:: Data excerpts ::
##############################
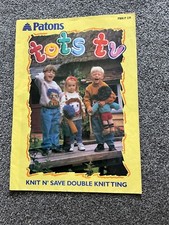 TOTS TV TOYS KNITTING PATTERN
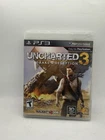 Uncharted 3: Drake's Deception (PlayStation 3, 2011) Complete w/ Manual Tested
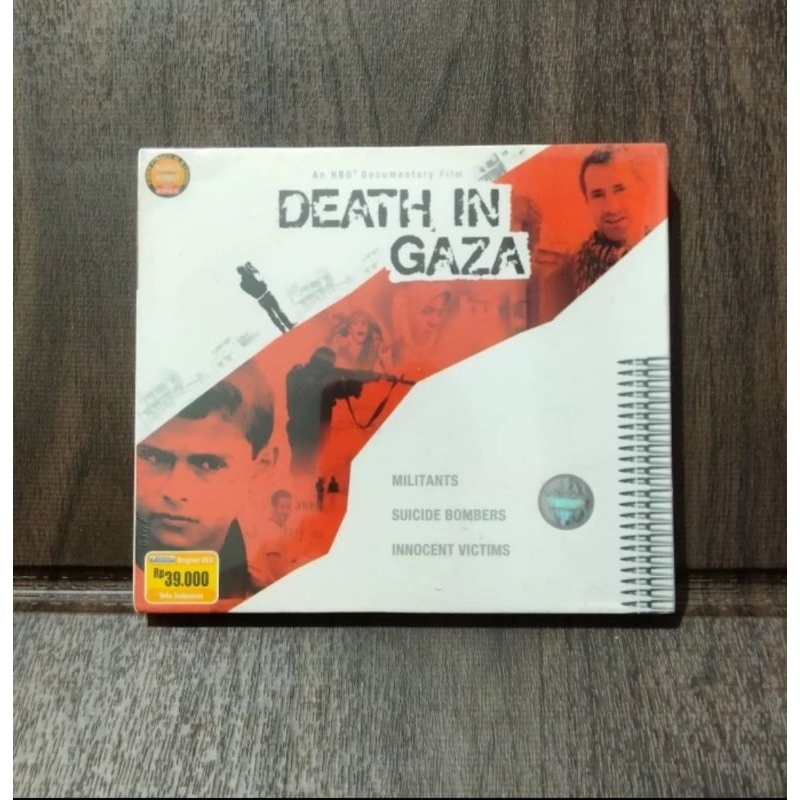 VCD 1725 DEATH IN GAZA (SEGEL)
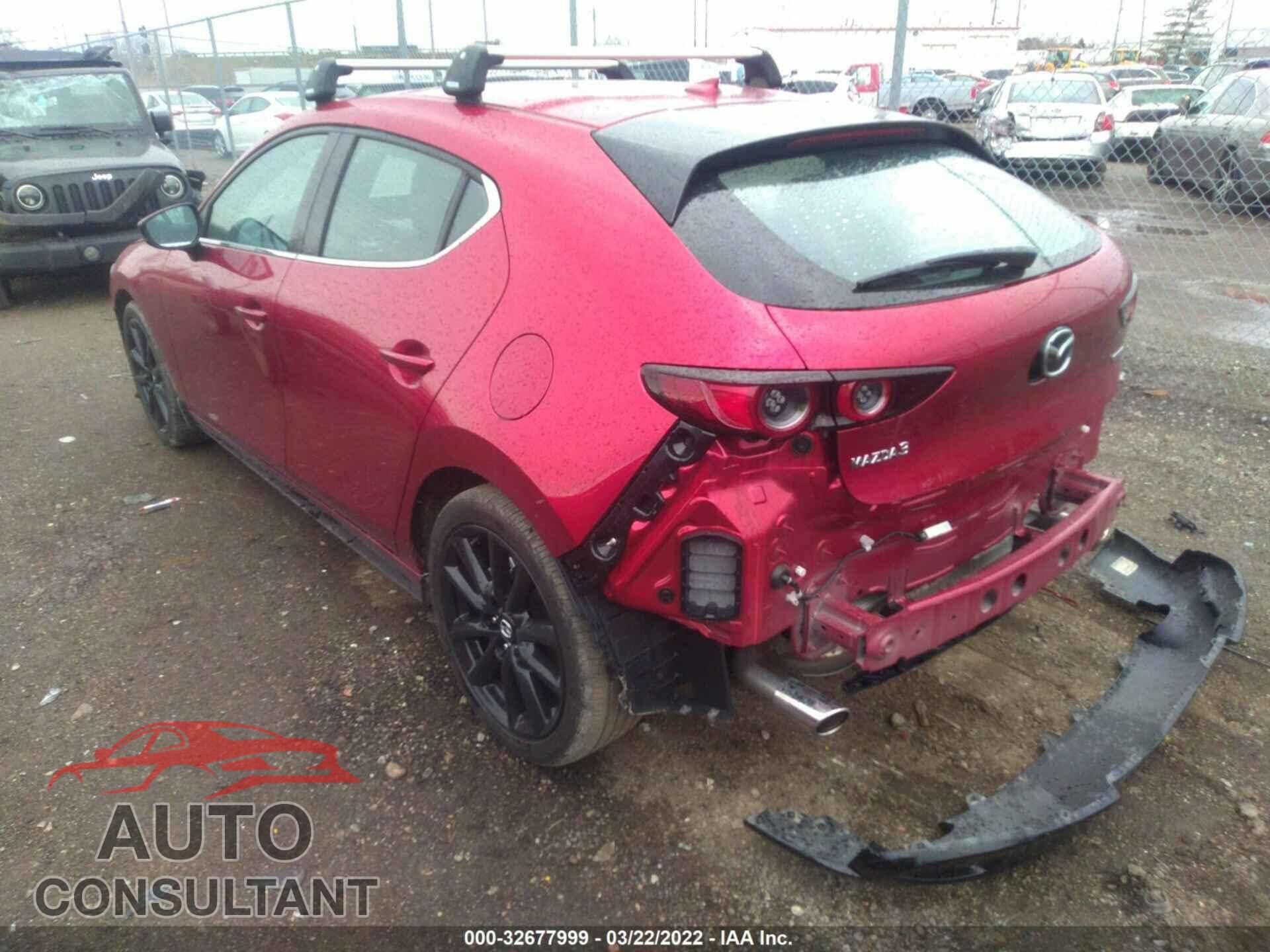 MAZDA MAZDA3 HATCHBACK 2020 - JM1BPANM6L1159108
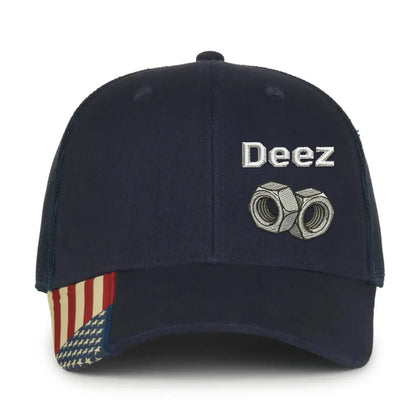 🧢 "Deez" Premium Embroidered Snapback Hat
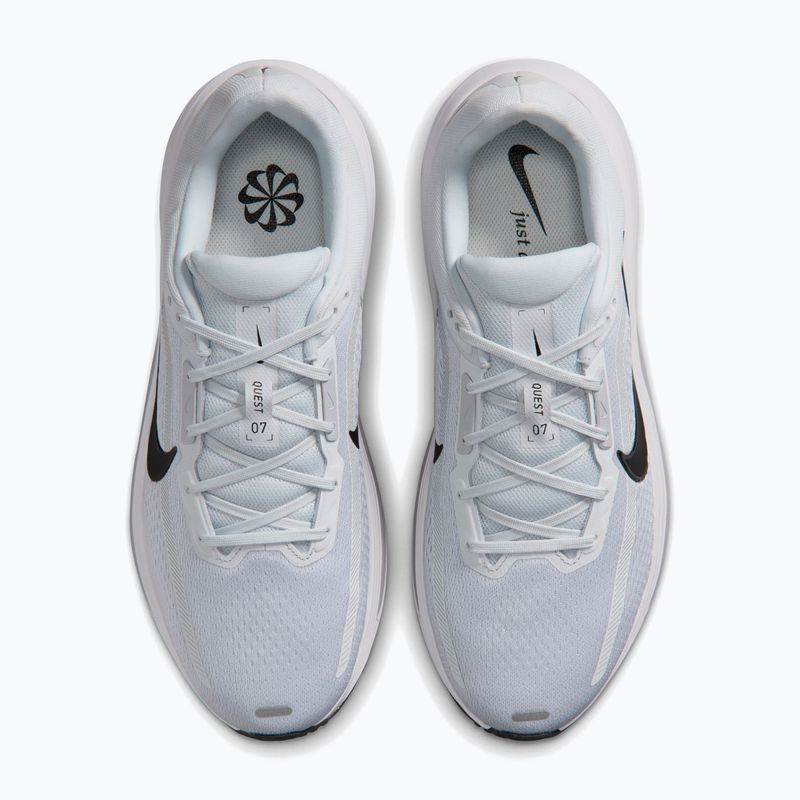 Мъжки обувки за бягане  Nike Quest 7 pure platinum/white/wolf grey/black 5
##############################
:: EXERCISE BRIEF ::
Retype the line containing "Uncharted 3: Drake's" and each line after it through the last line of the entries above, exactly, with no pictures and nothing else.

:: ANSWER TO THIS PROBLEM ::
 Uncharted 3: Drake's Deception (PlayStation 3, 2011) Complete w/ Manual Tested
 VCD 1725 DEATH IN GAZA (SEGEL)
 MAZDA MAZDA3 HATCHBACK 2020 - JM1BPANM6L1159108
 🧢 "Deez" Premium Embroidered Snapback Hat
 Мъжки обувки за бягане  Nike Quest 7 pure platinum/white/wolf grey/black 5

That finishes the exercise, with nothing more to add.